The devil in the details is that if you subsidize to the level of a skilled worker, there is no incentive for the unskilled to become skilled, etc.

Another is the abrupt cutoff under the current US system of food stamps and medicaid–earn $1 over the magic number, and you suddenly lose several thousands in benefits.

It is not unfair to pay a teenager the economic value of his labor instead of a “living wage”. It is unjust that two forty year olds with two children don’t, between work and subsidies, have a living income.
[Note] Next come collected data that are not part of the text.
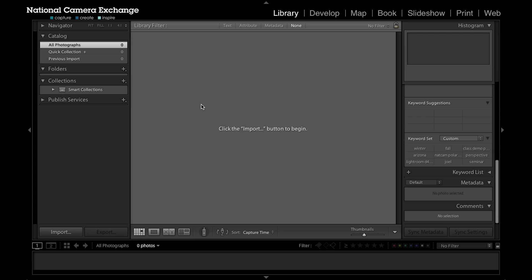Hello, this is Benjamin from National Camera Exchange. Today we're going to be taking a look at the import module's left panel within Lightroom.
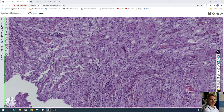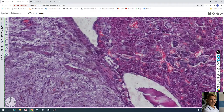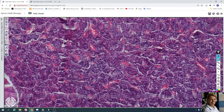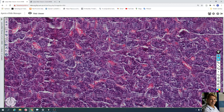Of course, the anterior lobe also contains many blood vessels. Here are capillaries with erythrocytes inside the lumen, for transporting released hormones to the bloodstream.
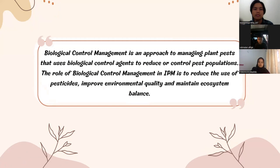The next topic is biological control management. Biological control management aims to control pest populations. The role of biological control management in IPM is to reduce pest access, increase productivity, improve environmental quality, and maintain ecosystem balance.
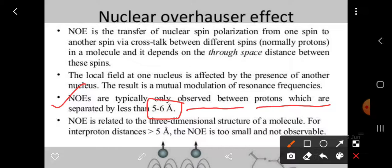When protons are separated by 5 to 6 Angstroms — that is, in close proximity — we will observe the NOE effect. Otherwise, we will not observe the NOE effect. If we observe the NOE effect, we will see an increase in line intensity, we can identify close approach, and we can determine the molecular geometry. This NOE phenomenon operates only through space via spin-lattice relaxation.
Most od the time, it is either lack of skill or ability that would leave the middle-aged couple in this situation. Almost all will advance from the teenage fast-food job with the incentive of the higher paying job. Social justice is in taking care of those who _can_not, or by luck of the draw do not, advance. It is not in giving a socially just wage for a middle aged family to every entry level worker, which will have the result of a great many more “needing” subsidies.

hawk
 
The devil in the details is that if you subsidize to the level of a skilled worker, there is no incentive for the unskilled to become skilled, etc.
There is often incentive in terms of skilled labor being more gratifying–physicians used to work for peanuts, really, and yet many went into the occupation because of the gratification and the status–but the time and expense it takes to gain the skill has to pencil out, too.

That is the other thing, too: status. We need to start giving the honor due to people who do an honest day’s work. Who is going to want to do hard manual labor for barely more money than they could get on the dole when they are constantly denigrated for “flipping burgers”? People feel entitled to food that is cheap and fast, then they add insult to injury by looking down on the worker whose low wages make the food so cheap!!

As for the teenager, some if not many are trying to put something by for the rising cost of entering the skilled workforce. Some are saving money to leave their parents’ house because they have no college prospects. I don’t see age as an excuse to underpay them. I can see a lower wage for someone who is getting more teaching than they are working, but that doesn’t last six or nine months.